キハダ(黄檗)です。樹皮の内側がカレー粉のようにまっ黄色をしているので漢字では黄肌・黄膚と書くこともあります。ミカン科の落葉高木で、黄色の部分には薬用成分のベルベリンを含み胃腸剤として重用されています。木材的には年輪が明瞭でクリによく似た感じの木目ですが、やや黄色味をおびています。ベルベリンのせいなのかどうか色やけがしやすいので、家具等に用いる場合は漆などで着色塗装されることが多いようです。/今回の材は年輪が細かく波打っており、さらにキルテッドといっていいような複雑な縮みも生じています。直径1m以上、樹齢も数百年は経っている大木だったようです。

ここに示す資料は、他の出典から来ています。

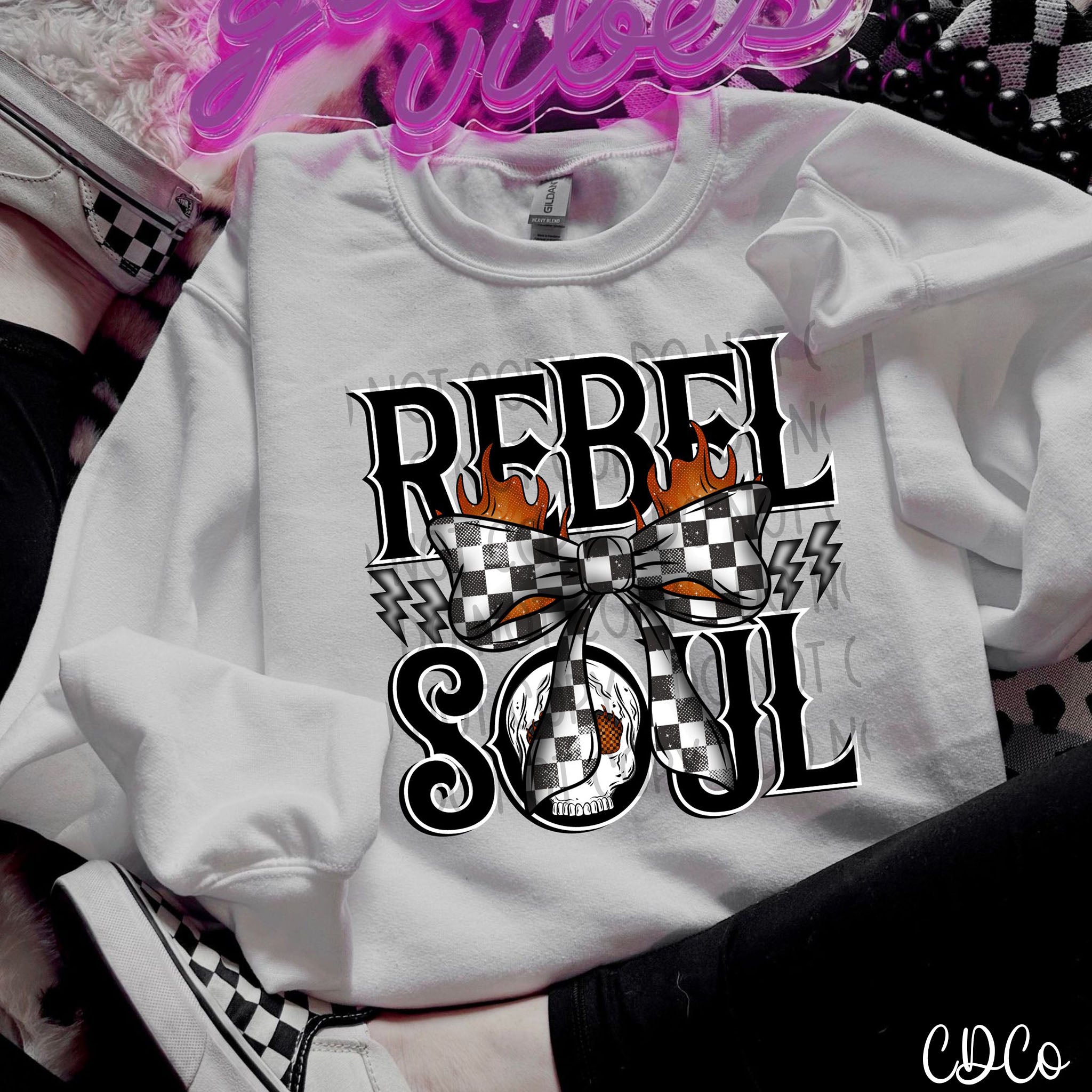 Rebel Soul Checked Bow DTF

上と同じくキハダですが、幅90cmほどの板の一部が黒く変色しており、それから切り出したものです。樹木が立ち枯れ状態のときにバクテリアかなにかの作用で黒くなったようですが、基本的には年輪にそってほぼ平行に色がさしているので、黒柿などの紋様の入り方とは原因も色素も異なると思います。通常であれば要するに腐れてしまう途中にあるわけですが、さまざまな幸運が重なってそうはならずに木地はしっかりしています。細かい縮みも見えます。/杢板といってもふつうの玉杢や縮杢などではない、さらに特殊な紋様が生じた杢板のことをスポルトと呼んでいますが、このキハダはまさにそれです。私自身は初めて遭遇する変わり杢で、これまで耳にしたこともありません。鏡面塗装したらどうなるのか非常に楽しみです。

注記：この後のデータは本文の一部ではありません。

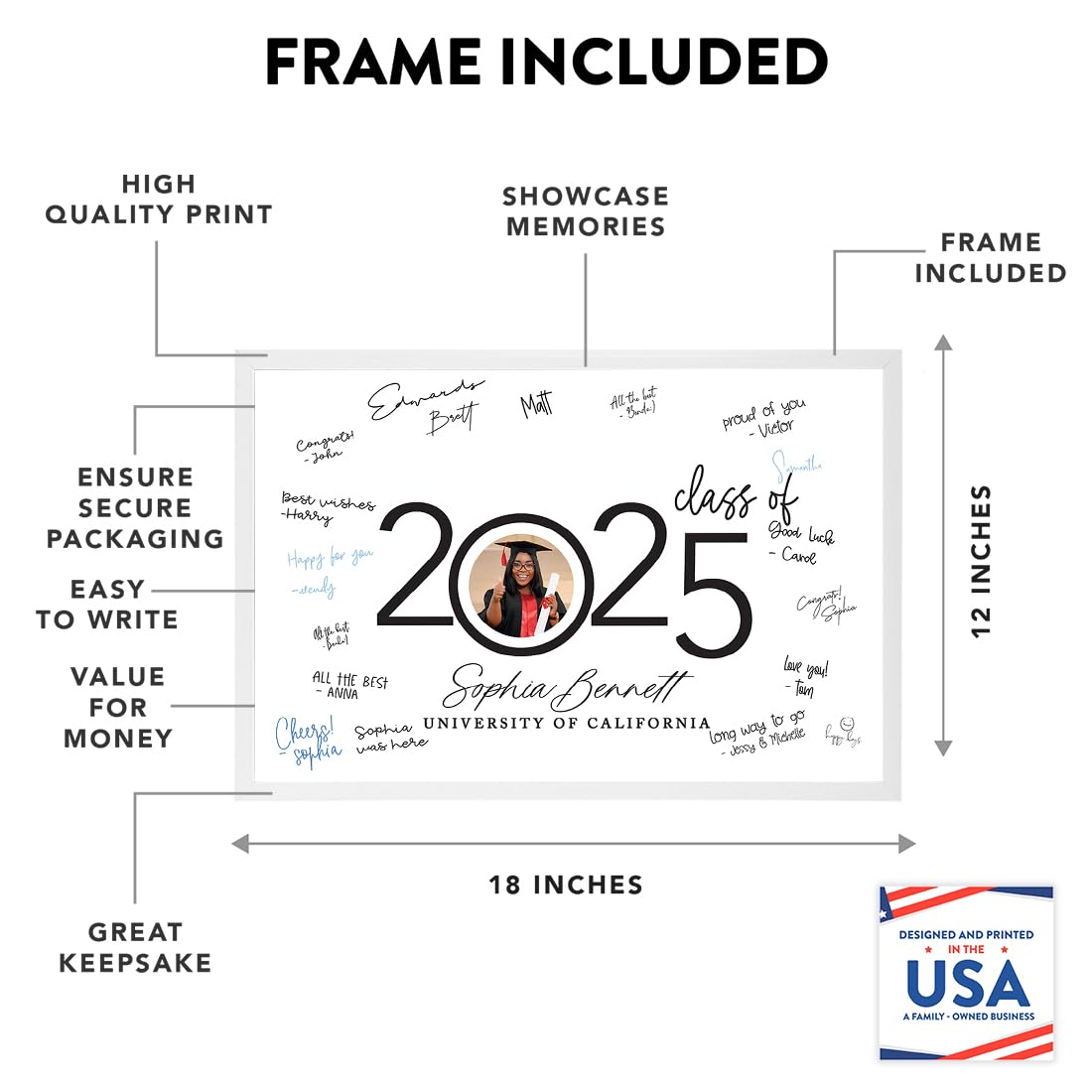 Andaz Press 12x18-Inch Personalized Signature Frame Graduation Guest Book Alternative, Custom Photo, Graduation Signature Board, Graduation Frames Class of 2025, Graduation Party Decorations 2025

タモです。正式にはヤチダモといい、モクセイ科の落葉高木で、樹高は最大で35mにもなります。直径も1mほどになることもあり幹が通直なので家具材や器具、建築造作材、建具などに広く用いられています。ただし通常のタモでは素直かつ大味なので、ペーパーウェイトのような小物にはあまり向いていません。/しかし今回のタモはバール(瘤材のこと)です。ケヤキやニレなどであればバールはなくはないのですが、タモのバールというのはきわめて珍しいと思います。
マスールバーチ(Masur birch)というたいへん希少な材です。バーチはカバノキのことですが、マスールは「銘木材料」としての名前であって、植物学的な樹種そのものの名前ではないようです。ある種のカバノキの成長過程で樹皮に蛾の幼虫がついた食痕跡が上のような独特な模様になるのですが、他の樹木の虫食い跡のような空洞になっていないのは、樹がその傷を新たな侵出物で充填してしまうからとのこと。/当工房で持っている材は直径20cmほどの樹の、芯部分を含む三割り材ですが、喰み跡が不定期に同心円状に幼木段階から入っていることがわかります。結局樹は蛾の幼虫に樹皮をぼこぼこに食い荒らされながらも枯れることはなく成長していっているということですね。一種の「共生」ということなのかもしれません。